Как много людей, оказывается, могли желать смерти кристально честного, порядочного, благородного человека. Даже Елену эта смерть освободила от необдуманного обручения. Да и сам Александр невольно обрадовался, когда узнал, что она не любила Турова. Выходит, и он что-то выгадал от того, что она снова свободна. Из-за этого он и остановился, заставил себя отказаться от нее. Непереносимо было ощущать, что он пользуется гибелью друга. Все, о Елене больше не думать! А думать о том, что из троих подозреваемых у двоих, Петра и Реза-хана, нет алиби, при этом Петр хромает, а газырь Реза-хана найден на месте убийства.

Александр дошел до угла Надери и Фирдоуси, вспомнил, что прямо здесь, слева от внушительного особняка английского посольства, проживает Карл-Николай Рихтер. С кем бы Александр ни заговорил, неизбежно возникало его имя. А рядом, чуть позади, как световой знак на просматриваемой на свет гербовой бумаге, маячил Стефанополус. Именно он подтвердил алиби Рихтера.

Стефанополус мог хотеть избавиться от счастливого соперника, но сам, конечно, никогда не решился бы напасть на старого вояку Турова. Хорошо, допустим, он нанял Рихтера и состряпал ему алиби. Снова не получается: наутро после убийства Реза-хан видел Карла живым и невредимым. Реза-хан не стал бы врать и покрывать Рихтера, поскольку сам при этом оставался главным подозреваемым. И все же неплохо бы расспросить советского эмиссара.

Александр свернул к его дому, постучал. Можно начать разговор под предлогом сбора пожертвований в пользу русской богадельни. В доме было тихо. Он постучал снова – никто не открыл. Когда уходил, обернулся.
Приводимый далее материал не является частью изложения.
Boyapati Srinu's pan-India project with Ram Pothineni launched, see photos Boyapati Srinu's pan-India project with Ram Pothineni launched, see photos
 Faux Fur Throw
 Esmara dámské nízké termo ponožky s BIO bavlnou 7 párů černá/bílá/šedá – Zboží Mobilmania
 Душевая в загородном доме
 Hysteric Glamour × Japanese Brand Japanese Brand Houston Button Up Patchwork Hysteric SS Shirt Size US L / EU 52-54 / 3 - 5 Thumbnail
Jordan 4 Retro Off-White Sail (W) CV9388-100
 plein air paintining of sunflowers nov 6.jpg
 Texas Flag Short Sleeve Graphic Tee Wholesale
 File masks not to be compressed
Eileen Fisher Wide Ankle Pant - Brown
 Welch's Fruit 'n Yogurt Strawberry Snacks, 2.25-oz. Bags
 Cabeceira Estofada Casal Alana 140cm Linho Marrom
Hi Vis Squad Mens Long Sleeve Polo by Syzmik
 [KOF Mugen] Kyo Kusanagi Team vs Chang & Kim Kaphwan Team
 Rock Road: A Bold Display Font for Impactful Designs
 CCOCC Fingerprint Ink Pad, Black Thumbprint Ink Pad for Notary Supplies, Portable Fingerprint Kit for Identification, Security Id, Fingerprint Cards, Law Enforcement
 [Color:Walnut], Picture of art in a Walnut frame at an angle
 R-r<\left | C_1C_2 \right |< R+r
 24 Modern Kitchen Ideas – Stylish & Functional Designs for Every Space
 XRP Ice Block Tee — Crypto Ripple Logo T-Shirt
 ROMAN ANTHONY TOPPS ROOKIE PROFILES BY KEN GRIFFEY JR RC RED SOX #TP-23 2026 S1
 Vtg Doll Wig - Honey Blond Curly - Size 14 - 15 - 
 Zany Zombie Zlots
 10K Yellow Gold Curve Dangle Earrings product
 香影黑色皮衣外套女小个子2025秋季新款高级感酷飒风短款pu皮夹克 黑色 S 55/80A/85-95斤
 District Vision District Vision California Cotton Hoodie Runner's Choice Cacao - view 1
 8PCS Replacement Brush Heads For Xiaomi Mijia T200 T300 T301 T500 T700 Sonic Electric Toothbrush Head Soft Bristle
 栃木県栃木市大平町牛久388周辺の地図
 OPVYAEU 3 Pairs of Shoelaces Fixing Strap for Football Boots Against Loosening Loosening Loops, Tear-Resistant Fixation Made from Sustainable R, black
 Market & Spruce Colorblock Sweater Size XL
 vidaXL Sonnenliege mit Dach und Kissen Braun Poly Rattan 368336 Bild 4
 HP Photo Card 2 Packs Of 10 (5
На окне второго этажа покачивалась занавеска.

Лос-Анджелес, 2017 год

В городе среди заторов, машин и людей мне полегчало. Я сделал ради Самиры все, что мог, но успокоиться смогу, только когда узнаю, что ее освободили. Я почти не смотрел на дорогу, потому что гипнотизировал мобильник, но сам звонить Виктору не решался – боялся помешать. Он позвонил, когда я уже свернул к Холливуд-Хиллз.